--- What you are asked to do ---
Using the entries that follow, collect the lines where the word "with" appears.

--- Supplied data ---

******************************

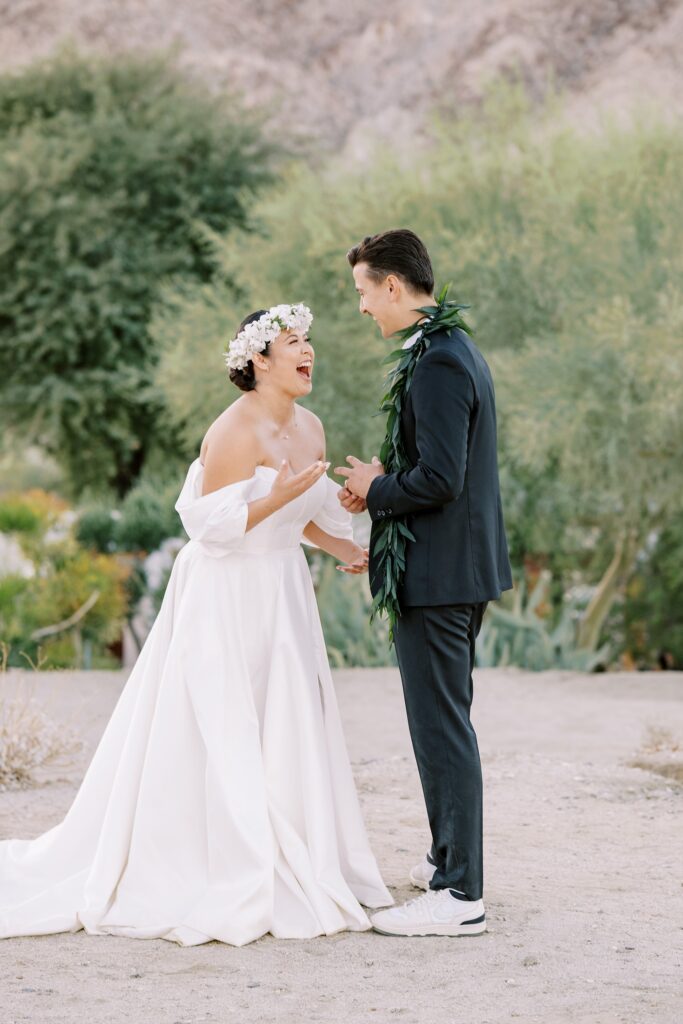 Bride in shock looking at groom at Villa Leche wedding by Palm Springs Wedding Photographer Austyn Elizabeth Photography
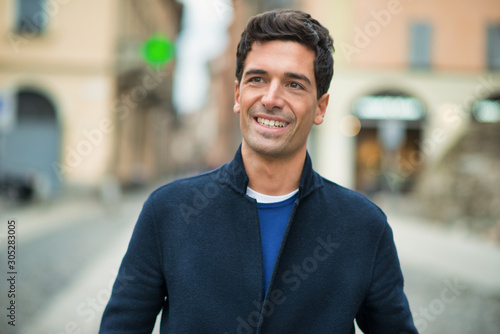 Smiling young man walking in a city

******************************

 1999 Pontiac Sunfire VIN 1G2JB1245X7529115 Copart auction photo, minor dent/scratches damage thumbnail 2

******************************

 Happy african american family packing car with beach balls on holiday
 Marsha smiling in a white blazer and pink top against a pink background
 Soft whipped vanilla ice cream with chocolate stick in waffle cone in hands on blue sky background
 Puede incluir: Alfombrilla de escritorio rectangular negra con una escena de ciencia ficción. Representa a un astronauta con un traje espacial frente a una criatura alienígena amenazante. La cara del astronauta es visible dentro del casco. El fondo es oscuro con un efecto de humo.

******************************

--- Expected answer ---
 Happy african american family packing car with beach balls on holiday
 Soft whipped vanilla ice cream with chocolate stick in waffle cone in hands on blue sky background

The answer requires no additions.